> [Task description]
Note every line in the entries that contains the string "wardrobe", and copy it.

◇ ◇ ◇ ◇ ◇ ◇ ◇

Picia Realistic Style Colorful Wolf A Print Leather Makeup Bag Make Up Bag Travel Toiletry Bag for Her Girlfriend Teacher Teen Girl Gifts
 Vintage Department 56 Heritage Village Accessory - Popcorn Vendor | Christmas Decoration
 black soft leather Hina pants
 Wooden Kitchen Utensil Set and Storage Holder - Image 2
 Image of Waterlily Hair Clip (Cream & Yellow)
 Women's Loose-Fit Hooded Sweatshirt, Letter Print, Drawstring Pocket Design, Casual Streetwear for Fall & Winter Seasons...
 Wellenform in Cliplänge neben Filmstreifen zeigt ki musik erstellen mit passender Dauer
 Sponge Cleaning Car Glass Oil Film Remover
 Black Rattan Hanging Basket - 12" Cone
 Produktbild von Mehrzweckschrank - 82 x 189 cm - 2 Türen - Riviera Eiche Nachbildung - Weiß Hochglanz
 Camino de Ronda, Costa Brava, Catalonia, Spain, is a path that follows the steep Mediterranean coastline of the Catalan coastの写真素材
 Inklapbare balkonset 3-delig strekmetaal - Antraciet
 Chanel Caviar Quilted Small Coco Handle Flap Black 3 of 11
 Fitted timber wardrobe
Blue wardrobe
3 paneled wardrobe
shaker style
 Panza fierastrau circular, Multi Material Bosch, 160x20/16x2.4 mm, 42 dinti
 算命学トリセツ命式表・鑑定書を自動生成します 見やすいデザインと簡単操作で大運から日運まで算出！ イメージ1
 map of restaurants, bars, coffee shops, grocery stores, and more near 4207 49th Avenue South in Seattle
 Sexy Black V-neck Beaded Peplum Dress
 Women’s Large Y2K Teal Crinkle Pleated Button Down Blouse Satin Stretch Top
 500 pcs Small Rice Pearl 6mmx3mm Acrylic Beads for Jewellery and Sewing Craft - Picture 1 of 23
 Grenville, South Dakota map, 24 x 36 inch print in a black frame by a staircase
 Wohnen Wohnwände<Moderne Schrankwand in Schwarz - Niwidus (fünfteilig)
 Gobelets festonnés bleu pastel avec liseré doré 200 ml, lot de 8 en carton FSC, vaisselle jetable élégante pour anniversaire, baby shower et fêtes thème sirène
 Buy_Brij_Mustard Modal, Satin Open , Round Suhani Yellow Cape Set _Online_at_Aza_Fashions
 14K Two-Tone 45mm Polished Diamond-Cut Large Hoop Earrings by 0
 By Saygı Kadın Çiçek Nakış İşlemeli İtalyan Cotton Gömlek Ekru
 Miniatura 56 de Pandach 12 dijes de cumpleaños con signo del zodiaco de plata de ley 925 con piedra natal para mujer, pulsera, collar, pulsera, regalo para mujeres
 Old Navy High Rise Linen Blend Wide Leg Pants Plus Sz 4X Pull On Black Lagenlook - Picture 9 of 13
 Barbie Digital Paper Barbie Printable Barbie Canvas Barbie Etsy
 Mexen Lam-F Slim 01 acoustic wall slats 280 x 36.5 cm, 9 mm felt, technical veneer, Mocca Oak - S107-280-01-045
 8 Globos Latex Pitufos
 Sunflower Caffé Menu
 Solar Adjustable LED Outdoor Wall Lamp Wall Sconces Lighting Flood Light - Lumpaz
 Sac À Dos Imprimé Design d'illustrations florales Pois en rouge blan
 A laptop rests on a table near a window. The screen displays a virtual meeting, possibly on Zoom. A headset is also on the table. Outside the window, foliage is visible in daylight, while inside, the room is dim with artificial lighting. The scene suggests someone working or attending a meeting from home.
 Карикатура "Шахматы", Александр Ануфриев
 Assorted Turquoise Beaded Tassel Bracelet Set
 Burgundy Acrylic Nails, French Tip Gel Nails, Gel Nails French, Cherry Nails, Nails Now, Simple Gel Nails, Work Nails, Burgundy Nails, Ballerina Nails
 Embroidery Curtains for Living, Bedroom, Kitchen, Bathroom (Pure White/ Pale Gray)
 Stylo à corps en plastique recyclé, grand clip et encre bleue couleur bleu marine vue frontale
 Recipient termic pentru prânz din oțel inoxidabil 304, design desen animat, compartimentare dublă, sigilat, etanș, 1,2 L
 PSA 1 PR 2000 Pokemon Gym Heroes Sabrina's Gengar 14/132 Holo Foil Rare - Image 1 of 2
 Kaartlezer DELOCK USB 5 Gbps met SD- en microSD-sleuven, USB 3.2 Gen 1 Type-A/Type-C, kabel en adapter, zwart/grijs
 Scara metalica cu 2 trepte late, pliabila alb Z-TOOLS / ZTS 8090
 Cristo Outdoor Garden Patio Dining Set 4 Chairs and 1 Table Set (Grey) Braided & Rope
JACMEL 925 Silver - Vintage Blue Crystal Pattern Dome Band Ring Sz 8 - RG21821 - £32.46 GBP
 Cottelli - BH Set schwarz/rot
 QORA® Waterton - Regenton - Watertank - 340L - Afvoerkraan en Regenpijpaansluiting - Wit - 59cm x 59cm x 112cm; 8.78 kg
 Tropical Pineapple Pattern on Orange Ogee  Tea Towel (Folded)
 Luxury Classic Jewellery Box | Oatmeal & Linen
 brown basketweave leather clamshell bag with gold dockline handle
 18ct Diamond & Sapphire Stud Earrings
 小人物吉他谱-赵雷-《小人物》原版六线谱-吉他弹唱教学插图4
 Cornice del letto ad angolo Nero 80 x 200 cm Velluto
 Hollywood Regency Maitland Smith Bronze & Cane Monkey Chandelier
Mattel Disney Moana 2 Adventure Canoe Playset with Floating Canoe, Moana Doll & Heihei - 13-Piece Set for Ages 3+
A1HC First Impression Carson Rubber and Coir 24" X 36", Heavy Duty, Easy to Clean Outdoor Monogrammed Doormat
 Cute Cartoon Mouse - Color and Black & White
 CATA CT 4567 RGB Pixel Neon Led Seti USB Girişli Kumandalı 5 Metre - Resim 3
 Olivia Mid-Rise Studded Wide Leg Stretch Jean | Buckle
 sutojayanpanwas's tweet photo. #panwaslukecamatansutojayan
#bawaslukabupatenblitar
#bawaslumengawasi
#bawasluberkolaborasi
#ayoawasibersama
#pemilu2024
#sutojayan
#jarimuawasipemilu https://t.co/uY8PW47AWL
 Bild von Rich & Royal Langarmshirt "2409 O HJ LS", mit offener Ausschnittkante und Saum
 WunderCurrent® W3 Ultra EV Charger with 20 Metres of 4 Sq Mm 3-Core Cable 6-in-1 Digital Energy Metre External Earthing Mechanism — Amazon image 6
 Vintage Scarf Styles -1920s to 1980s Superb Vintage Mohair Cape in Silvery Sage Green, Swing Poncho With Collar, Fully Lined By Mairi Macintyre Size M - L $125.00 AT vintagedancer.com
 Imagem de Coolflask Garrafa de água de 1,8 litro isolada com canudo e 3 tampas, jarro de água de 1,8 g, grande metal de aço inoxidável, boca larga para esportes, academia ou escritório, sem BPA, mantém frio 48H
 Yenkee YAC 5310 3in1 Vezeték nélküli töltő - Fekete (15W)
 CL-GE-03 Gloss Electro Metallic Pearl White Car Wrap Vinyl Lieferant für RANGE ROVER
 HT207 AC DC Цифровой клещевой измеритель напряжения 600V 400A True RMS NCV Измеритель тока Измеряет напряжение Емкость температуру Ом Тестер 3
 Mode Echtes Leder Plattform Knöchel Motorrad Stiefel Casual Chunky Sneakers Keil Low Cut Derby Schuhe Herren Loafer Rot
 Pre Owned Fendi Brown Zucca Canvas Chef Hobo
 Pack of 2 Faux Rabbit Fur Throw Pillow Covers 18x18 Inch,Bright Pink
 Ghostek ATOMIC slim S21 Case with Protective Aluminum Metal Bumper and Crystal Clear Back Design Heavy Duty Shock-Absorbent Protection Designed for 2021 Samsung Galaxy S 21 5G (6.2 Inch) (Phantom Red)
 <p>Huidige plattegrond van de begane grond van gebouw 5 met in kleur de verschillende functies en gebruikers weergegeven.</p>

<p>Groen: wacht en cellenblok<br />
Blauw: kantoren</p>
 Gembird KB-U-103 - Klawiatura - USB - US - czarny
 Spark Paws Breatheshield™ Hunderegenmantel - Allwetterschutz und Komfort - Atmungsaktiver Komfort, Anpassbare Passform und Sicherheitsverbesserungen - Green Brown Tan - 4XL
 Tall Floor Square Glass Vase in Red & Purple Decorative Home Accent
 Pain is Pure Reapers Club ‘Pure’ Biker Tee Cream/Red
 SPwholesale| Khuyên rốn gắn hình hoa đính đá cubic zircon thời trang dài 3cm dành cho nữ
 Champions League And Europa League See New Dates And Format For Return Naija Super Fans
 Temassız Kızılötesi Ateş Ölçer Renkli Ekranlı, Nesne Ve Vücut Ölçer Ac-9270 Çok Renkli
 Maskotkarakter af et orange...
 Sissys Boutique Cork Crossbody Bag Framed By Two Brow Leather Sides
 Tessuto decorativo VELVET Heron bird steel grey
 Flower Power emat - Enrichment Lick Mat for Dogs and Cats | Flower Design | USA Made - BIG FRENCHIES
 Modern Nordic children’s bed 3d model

◇ ◇ ◇ ◇ ◇ ◇ ◇

> [Answer box]
 Fitted timber wardrobe
Blue wardrobe
3 paneled wardrobe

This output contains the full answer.